Quantitative Aptitude Questions and Answers section on “Sequence, Series and Progression” with solution and explanation for competitive examinations such as CAT, MBA, SSC, Bank PO, Bank Clerical and other examinations.

1.

Find the missing number of the sequence:
“3, 14, 25, 36, 47, ?”
[A]1111
[B]1113
[C]1114
[D]None of these

None of these
$3\xrightarrow{+11}14\xrightarrow{+11}25\xrightarrow{+11}36\xrightarrow{+11}47\xrightarrow{+11}58$
∴ Missing number in the sequence = 58.
So option [D] is the right answer.

2.

The next term of the sequence 1, 2, 5, 26, … is:
[A]152
[B]677
[C]50
[D]47

677
The series is based on following pattern :
$\left ( 1 \right )^{2}+1=2$
$\left ( 2 \right )^{2}+1=5$
$\left ( 5 \right )^{2}+1=26$
$\left ( 26 \right )^{2}+1=677$
Therefore, the next number of this series will be 677.
Hence option [B] is correct.

3.

The missing term in the sequence 0, 3, 8, 15, 24, …, 48 is:
[A]30
[B]39
[C]35
[D]36

35
$0\xrightarrow{+3}3\xrightarrow{+5}8\xrightarrow{+7}15\xrightarrow{+9}24\xrightarrow{+11}35\xrightarrow{+13}48$
Missing no. = 35
Hence option [C] is the right answer.

4.

In the sequence of numbers 5, 8, 15, 20, 29, 40, 53, one number is wrong.

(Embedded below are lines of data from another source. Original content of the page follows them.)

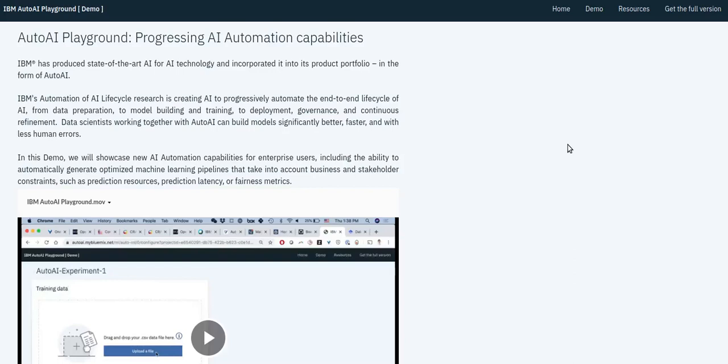IBM's AutoAI provides end-to-end AutoML, including data preparation and model selection, to optimize for some notion of predictive performance, which significantly reduces the time taken by data scientists to generate prediction pipelines.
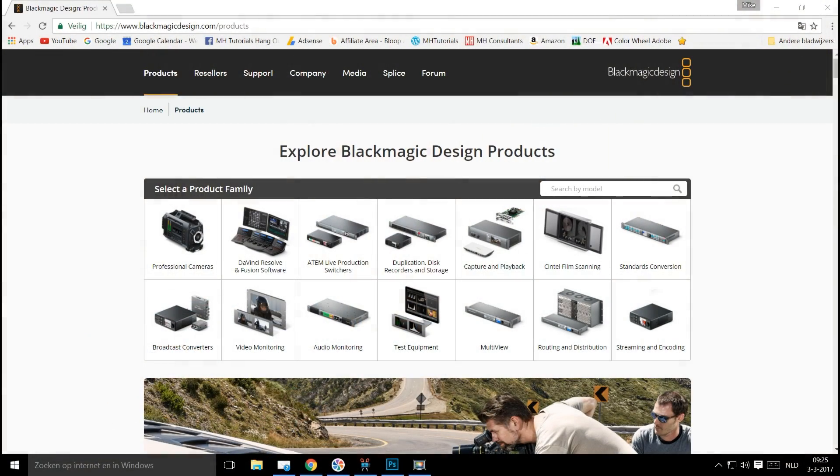So what we're going to do today is we are going to go into the Blackmagic Design website and we're going to get the DaVinci Resolve 12.5 totally free. I'm going to show you how to download and how to install it. We're on the blackmagicdesign.com website, and I'm in the product section right there.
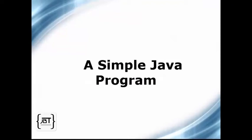In this video, we will see how to write a simple Java program. We are going to write a program that simply prints on the console Hello World.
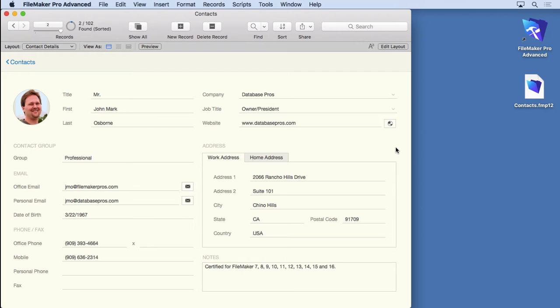In the last video you got a glimpse of the calculation dialogue. We're going to cover it in a little more depth now.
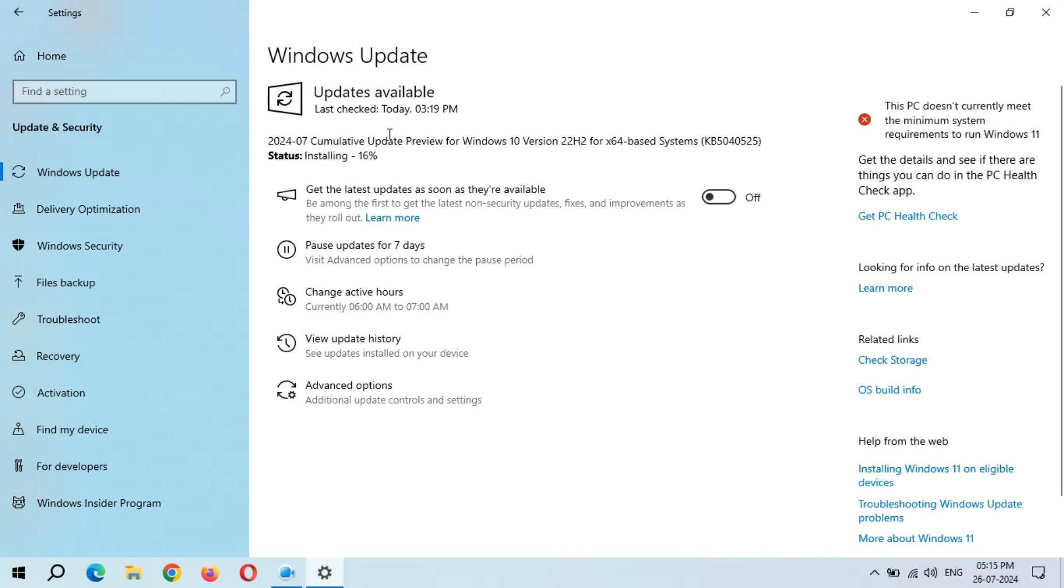You can see this is a major bug available in Microsoft Windows Update. You can see it again start, installing 20%. I don't know why Microsoft is not fixing this bug. This is a major bug available in Windows Update.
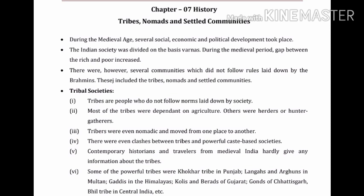This included the tribes, nomads and settled communities. The meaning of nomads: a nomad is a member of a people that travel from place to place to find fresh pastures for their animals and has no permanent home.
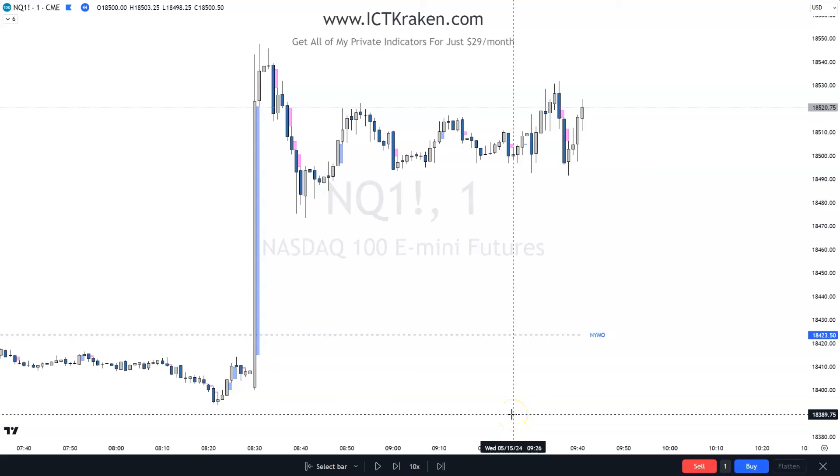Hey everybody, welcome back to the channel. Today I want to go over the AM Silver Bullet on Wednesday, May 15th.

The wrong number is :
[A]40
[B]20
[C]15
[D]29

15
$5\xrightarrow{+3}8\xrightarrow{+5}(13)15\xrightarrow{+7}20\xrightarrow{+9}29\xrightarrow{+11}40\xrightarrow{+13}53$
∴ Incorrect No. = 15
Hence option [C] is the right answer.

5.

1+2 + 3 + … + 49 + 50 + 49 + 48 + … + 3 + 2 + 1 is equal to:
[A]5000
[B]2525
[C]1250
[D]2500

2500
Required Sum =
$2\left ( \frac{x\left ( x+1 \right )}{2} \right )+50$
$=>\frac{2\times 49\times 50}{2}+50=2500$
Hence option [D] is the right answer.

6.

The next number of the sequence 3, 5, 9, 17, 33 …. is :
[A]49
[B]60
[C]65
[D]50

65
$3\xrightarrow{+2}5\xrightarrow{+4=2^{2}}9\xrightarrow{+8 = 2^{3}}17\xrightarrow{+16= 2^{4}}33\xrightarrow{+32 = 2^{5}}\underline{65}$
∴ The next term in the sequence will be 65.
Hence option [C] is the right answer.

7.

The next term of the sequence $\frac{1}{2}, 3\frac{1}{4}, 6, 8\frac{3}{4}, ...$ is :
[A]$10\frac{3}{4}$
[B]$11\frac{1}{2}$
[C]$10\frac{1}{4}$
[D]$11\frac{1}{4}$

$\mathbf{11\frac{1}{2}}$
Given sequence,
$\frac{1}{2}, 3\frac{1}{4}, 6, 8\frac{3}{4}, ...$
$= 0.5\xrightarrow{+2.75}3.25\xrightarrow{+2.75}6\xrightarrow{+2.75}8.75\xrightarrow{+2.75}\underline{11.5}$
∴ Next term of the sequence = 8.75 + 2.75 = 11.5 $= 11\frac{1}{2}$
Hence option [B] is the right answer.

8.

The next number in the sequence 2, 8, 18, 32, 50, …. is :
[A]80
[B]72
[C]68
[D]76

72
The given sequence is based on the following pattern :
$2\xrightarrow{+6}8\xrightarrow{+10}18\xrightarrow{+14}32\xrightarrow{+18}50\xrightarrow{+22}\underline{72}$
Hence, 72 will be the next number in this sequence.
Option [B] is the right answer.

9.

Next term of the sequence 8, 12, 9, 13, 10, 14, … is :
[A]17
[B]15
[C]11
[D]16

11
The pattern of the sequence is :
$8 + 4 = 12$
$12 - 3 = 9$
$9 + 4 = 13$
$13 - 3 = 10$
$10 + 4 = 14$
$14 - 3 = \underline{11}$
11 will be the next term in this sequence.

10.

The number of terms in the series 1 + 3 + 5 + 7 + …. + 73 + 75 is :
[A]30
[B]36
[C]38
[D]28

38
Let the number of terms be n.
It is an Arithmetic Series whose first term, a = 1 and common difference d = 2.
∴ nth term = a + (n – 1) d
$=> 75 = 1 + (n - 1) 2$
$=> 2 (n - 1) = 74$
$=> n - 1 = \frac{74}{2} = 37$
$=> n = 37 + 1 = 38$
Hence option [C] is the right answer.